Private police? Judge reviews Tribune lawsuit for access to BYU police records
(KUTV) – A Utah judge is reviewing arguments from lawyers for Brigham Young University and the Salt Lake Tribune who are fighting over the release of police records.
Both sides were in court Monday morning to present their cases to Judge Laura S. Scott, whose ruling could determine how the public accesses BYU Police internal records.
“[BYU] desperately wants to escape from the implications of [public records laws], but I think that’s impossible in this case,” Tribune lawyer Michael O’Brien told Judge Scott.
BYU denied a Salt Lake Tribune public records request in 2016 asking for communications between the department and the University’s Title IX and Honor Code offices.
BYU’s Honor Code office investigates and disciplines students who violate the school’s code of conduct. The Honor Code prohibits behaviors including alcohol consumption, extra-marital sexual activity, swearing, and dishonesty.
The Tribune sought the records as part of its coverage of campus sexual assaults and the case of Maddie Barney – who claimed she was investigated for sexual misconduct by the Honor Code office after reporting an off-campus sexual assault to Provo Police.
The Government Records Access and Management Act (GRAMA) requires public entities – like police departments – to provide public access to department records, including communications such as e-mails, memos, and text messages.
BYU denied the Tribune’s request for records between BYU Police and the Honor Code Office in 2016. The Tribune appealed the denial to the State Records Committee. The Committee denied the appeal, citing that BYU Police is not a “governmental entity” and hence not subject to GRAMA.
“I think it’s a terrible precedent to have somebody exercising police power and not having a check or review on that,” O’Brien said.
The Salt Lake Tribune appealed the State Records Committee denial by filing a lawsuit for the records in November 2016.
In court Monday, BYU lawyers again argued that the school’s police department is not subject to GRAMA. While BYU employs state-certified police officers, the school's Deputy General Counsel Steven M. Sandberg argued the agency is not a government entity because it was established by a private university.
“University Police is unique in Utah, but it’s not the only one that could exist,” Sandberg said.
In his arguments, Sandberg says GRAMA laws only apply to agencies which were created by and administered by qualifying government entities.
The BYU Police have functioned as a state-certified law enforcement agency since the late 1970’s.

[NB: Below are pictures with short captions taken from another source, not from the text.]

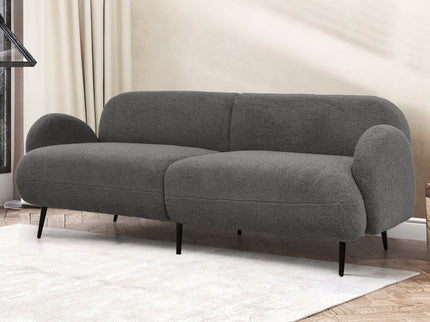 Levede Cloud Sofa 3 Seater Sherpa Fleece Beige-1910112207107133446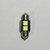 30mm 12818, DE3021, DE3022, DE3175 Canbus Dome Light LED bulb (S85-2) - top view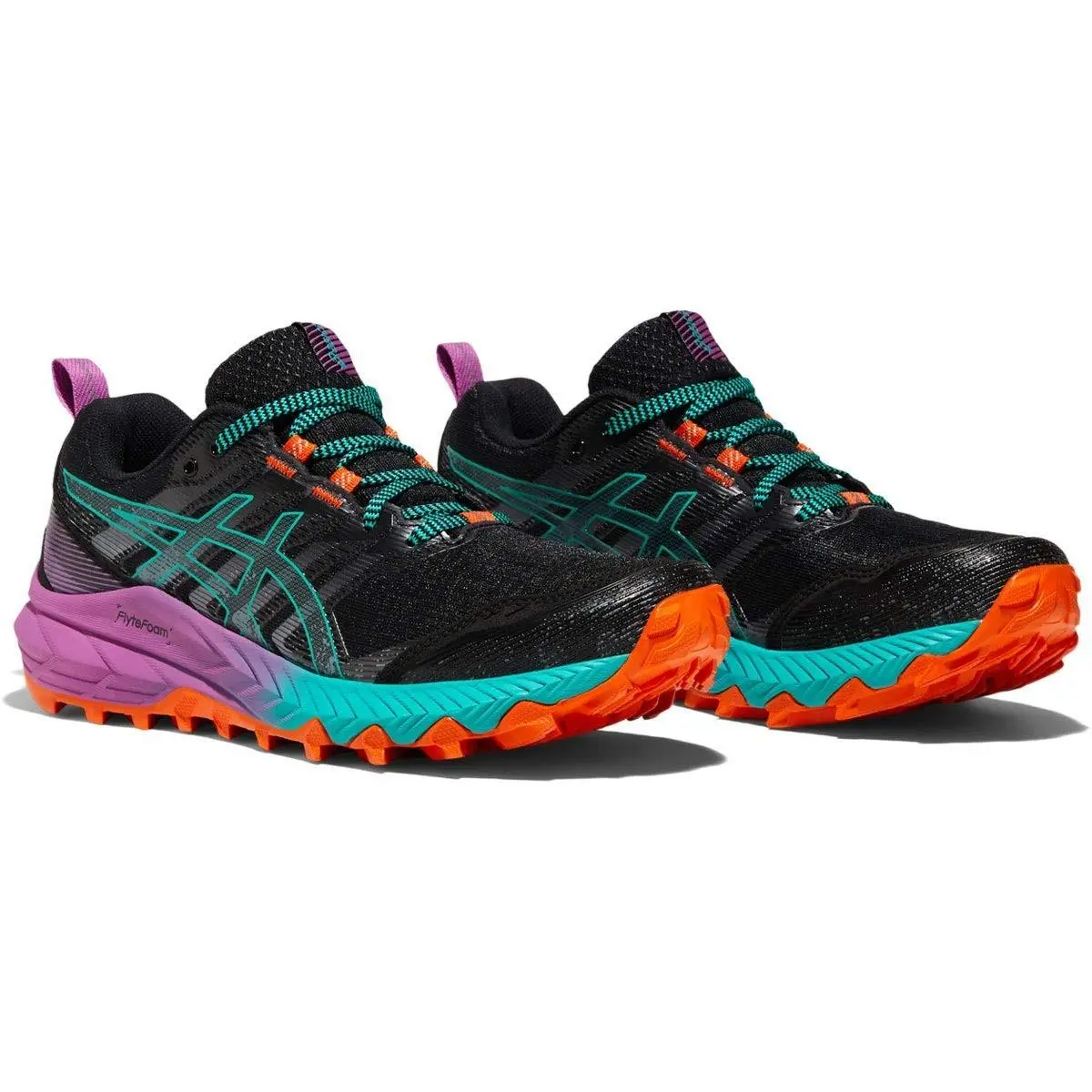 Asics shoes - ASICS GEL-Trabuco 9 - Black/Baltic Jewel 1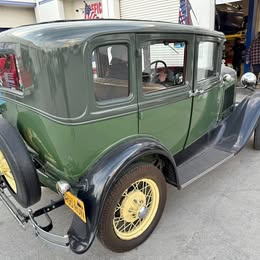 1930 Ford model a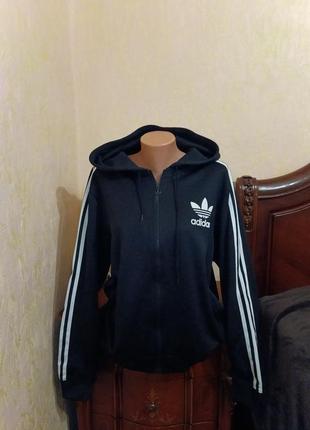 Спортивна кофта олімпійка чоловіча adidas з німеччини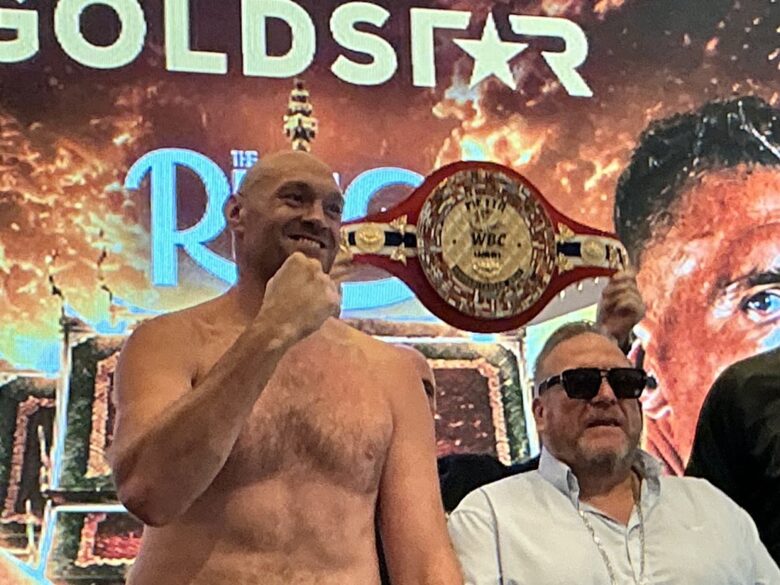 Tyson Fury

Before that time, the officers with BYU Police were sworn Provo City officers, and previously were sworn deputies of the Utah County Sheriff’s Office. BYU Police is now a state-certified law enforcement agency.
Sandberg argued extensively that because BYU Police is a creation of the University, it is not a public entity.
“We are an agency of Brigham Young University,” Sandberg said.
In questioning Sandberg, Judge Scott said it appeared BYU “wanted it both ways.”
“Isn’t this a definition that cuts both ways?” Scott questioned Sandberg. “When you don’t want to release records, you’re not a government entity … can you really have it both ways?”
Judge Scott took the arguments under advisement and said she may issue a ruling on the case in June or July.
Regardless of Judge Scott’s ruling, it is assumed the losing side will appeal.
“I think it’s impossible for them to squirm out of the implications of [GRAMA],” O’Brien said. “I think that BYU Police operate with integrity, so do many other police departments and part of the reason they do is because they are subject to public review and public accountability.”
Disclosure: KUTV 2News is a media partner of the Salt Lake Tribune. KUTV is also appealing a GRAMA denial from BYU Police for records regarding a sexual assault investigation at the Missionary Training Center in Provo. BYU Police have jurisdiction over the MTC.